1. What are the eligibility conditions to become the President of India?
Ans. To be eligible for the office of the President of India, a candidate must be a citizen of India, at least 35 years old, and qualified to be a member of the Lok Sabha (House of the People). Additionally, the candidate should not hold any office of profit under the Government of India or any State Government.
2. What are the primary powers of the President of India?
Ans. The President of India has several key powers, including executive powers (appointing the Prime Minister and other ministers), legislative powers (summoning and proroguing Parliament, giving assent to bills), judicial powers (granting pardons, reprieves or respites), and emergency powers (proclaiming a national emergency or a state emergency).
3. What role does the Vice President play in the Union Executive?
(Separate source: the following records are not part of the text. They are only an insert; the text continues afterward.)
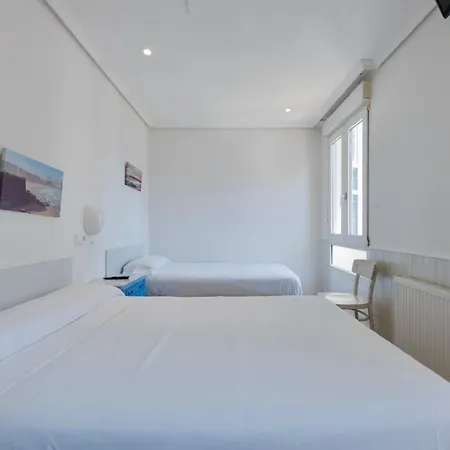 Hostal Costa Coruña-3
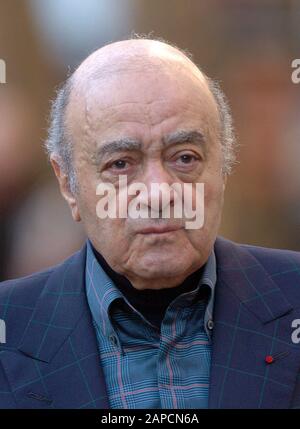 Mohamed Al-Fayed en 2008 comparait à la Haute Cour de Londres pour l'enquête sur la mort de son fils Dodi Fayed et de sa princesse Diana. Banque D'Images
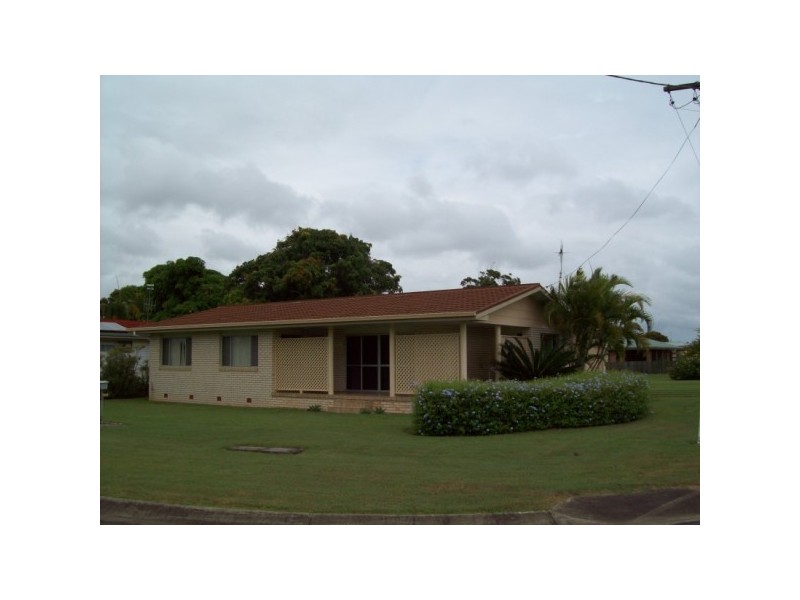 * LONG STREET, Point Vernon QLD 4655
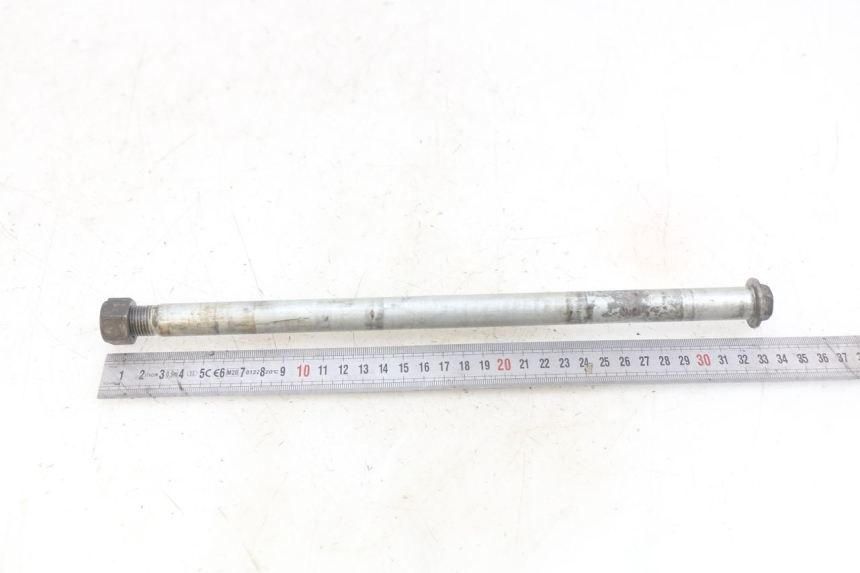 photo de AXE ROUE ARRIERE SUZUKI SV N 650 (1999 - 2002)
Ans. The Vice President of India serves primarily as the ex-officio Chairman of the Rajya Sabha (Council of States) and assists in ensuring the smooth functioning of the house. Additionally, the Vice President can act as President in the absence of the President due to various reasons, such as resignation or illness.
4. How is the Prime Minister of India appointed?
Ans. The Prime Minister of India is appointed by the President. Typically, the President appoints the leader of the political party that has won the most seats in the Lok Sabha elections. If no party has a clear majority, the President may invite the leader who is likely to garner the support of other parties to form the government.
5. What is the role of the Council of Ministers in the Union Government?
Ans. The Council of Ministers, headed by the Prime Minister, is responsible for formulating and implementing government policy. The Council advises the President in the exercise of their powers and is collectively responsible to the Lok Sabha, meaning they must maintain the confidence of the majority of its members to remain in office.